[Crawled caption data]
··········

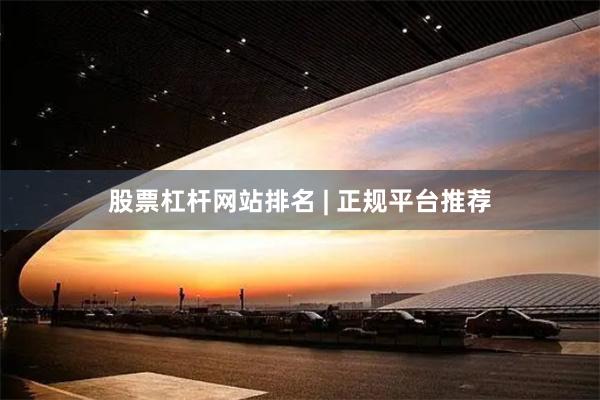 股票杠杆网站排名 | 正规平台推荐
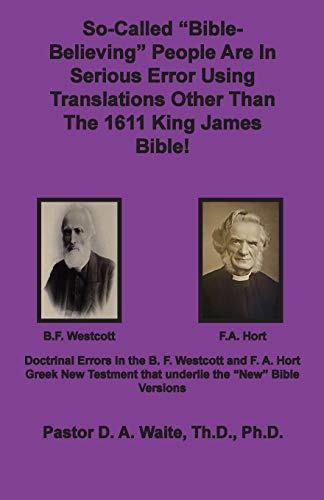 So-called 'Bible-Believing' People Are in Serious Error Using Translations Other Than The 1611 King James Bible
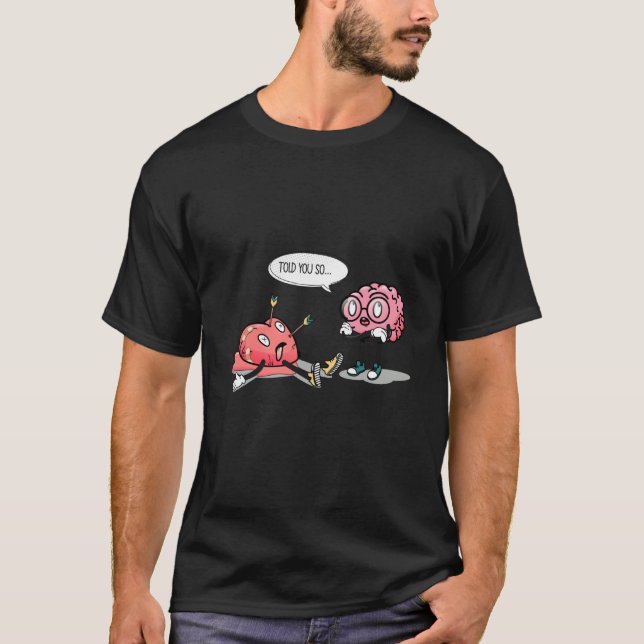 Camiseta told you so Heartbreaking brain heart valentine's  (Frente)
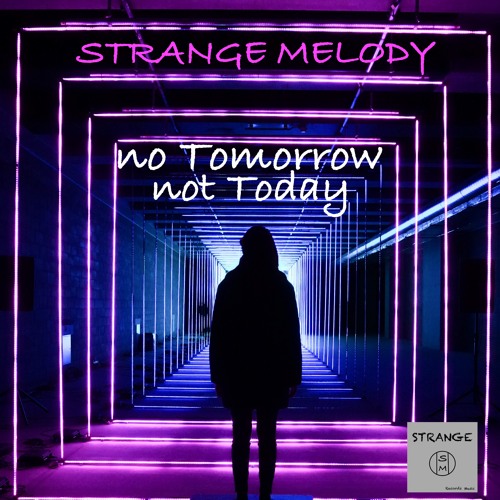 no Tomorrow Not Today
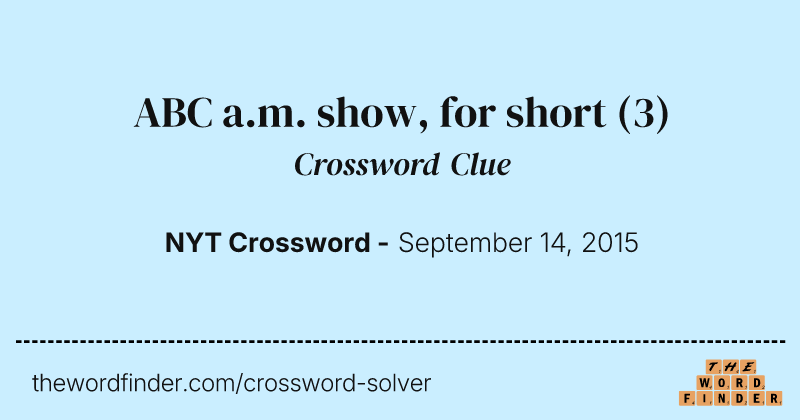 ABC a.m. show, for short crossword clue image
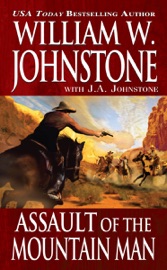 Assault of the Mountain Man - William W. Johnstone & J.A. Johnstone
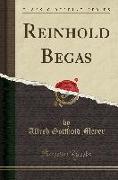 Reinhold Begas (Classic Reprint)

··········

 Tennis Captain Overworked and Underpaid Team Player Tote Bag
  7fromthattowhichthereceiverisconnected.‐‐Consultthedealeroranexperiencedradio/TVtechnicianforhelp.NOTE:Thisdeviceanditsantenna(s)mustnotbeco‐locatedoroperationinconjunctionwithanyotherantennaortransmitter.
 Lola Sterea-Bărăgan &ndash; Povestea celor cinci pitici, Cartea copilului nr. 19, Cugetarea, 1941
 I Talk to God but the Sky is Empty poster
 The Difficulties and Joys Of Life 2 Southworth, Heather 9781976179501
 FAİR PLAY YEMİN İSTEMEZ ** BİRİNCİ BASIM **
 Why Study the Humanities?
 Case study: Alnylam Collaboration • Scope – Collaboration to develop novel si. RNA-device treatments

··········

WHAT YOU WILL DO:
Of the lines above, copy only those from the one holding "no Tomorrow Not Today" to the one holding "Reinhold Begas (Classic Reprint)", both included, and exclude every image.

RESULT FOR THIS TASK:
 no Tomorrow Not Today
 ABC a.m. show, for short crossword clue image
 Assault of the Mountain Man - William W. Johnstone & J.A. Johnstone
 Reinhold Begas (Classic Reprint)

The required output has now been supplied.